Quickstart: Analyze a remote image with Python

In this quickstart, you analyze a remote image using Computer Vision. To analyze a local image, see Analyze a local image with Python.

You can run this quickstart in a step-by step fashion using a Jupyter notebook on MyBinder. To launch Binder, select the following button:

Binder

Prerequisites

To use Computer Vision, you need a subscription key; see Obtaining Subscription Keys.

Analyze a remote image

With the Analyze Image method, you can extract visual features based on image content. You can upload an image or specify an image URL and choose which features to return, including:

  • A detailed list of tags related to the image content.
  • A description of image content in a complete sentence.
  • The coordinates, gender, and age of any faces contained in the image.
  • The ImageType (clip art or a line drawing).
  • The dominant color, the accent color, or whether an image is black & white.
  • The category defined in this taxonomy.
  • Does the image contain adult or sexually suggestive content?

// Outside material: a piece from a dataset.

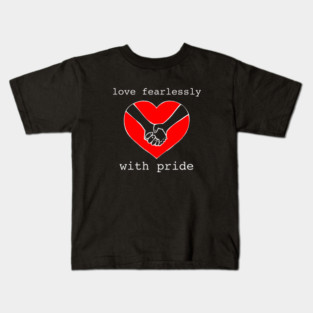 love fearlessly with pride Kids T-Shirt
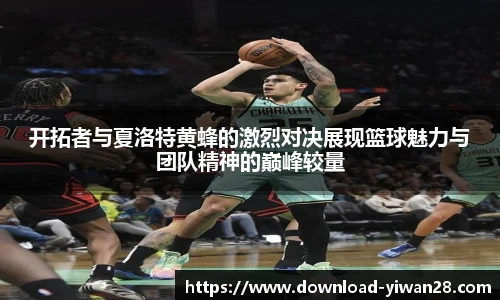 开拓者与夏洛特黄蜂的激烈对决展现篮球魅力与团队精神的巅峰较量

To run the sample, do the following steps:

  1. Copy the following code to a new Python script file.
  2. Replace <Subscription Key> with your valid subscription key.
  3. Change the vision_base_url value to the location where you obtained your subscription keys, if necessary.
  4. Optionally, change the image_url value to another image.
  5. Run the script.

The following code uses the Python requests library to call the Computer Vision Analyze Image API. It returns the results as a JSON object. The API key is passed in via the headers dictionary. The types of features to recognize is passed in via the params dictionary.

Analyze Image request

# Replace <Subscription Key> with your valid subscription key.
subscription_key = "<Subscription Key>"
assert subscription_key

# You must use the same region in your REST call as you used to get your
# subscription keys. For example, if you got your subscription keys from
# westus, replace "westcentralus" in the URI below with "westus".
#
# Free trial subscription keys are generated in the westcentralus region.
# If you use a free trial subscription key, you shouldn't need to change
# this region.
vision_base_url = "https://westcentralus.api.cognitive.microsoft.com/vision/v2.0/"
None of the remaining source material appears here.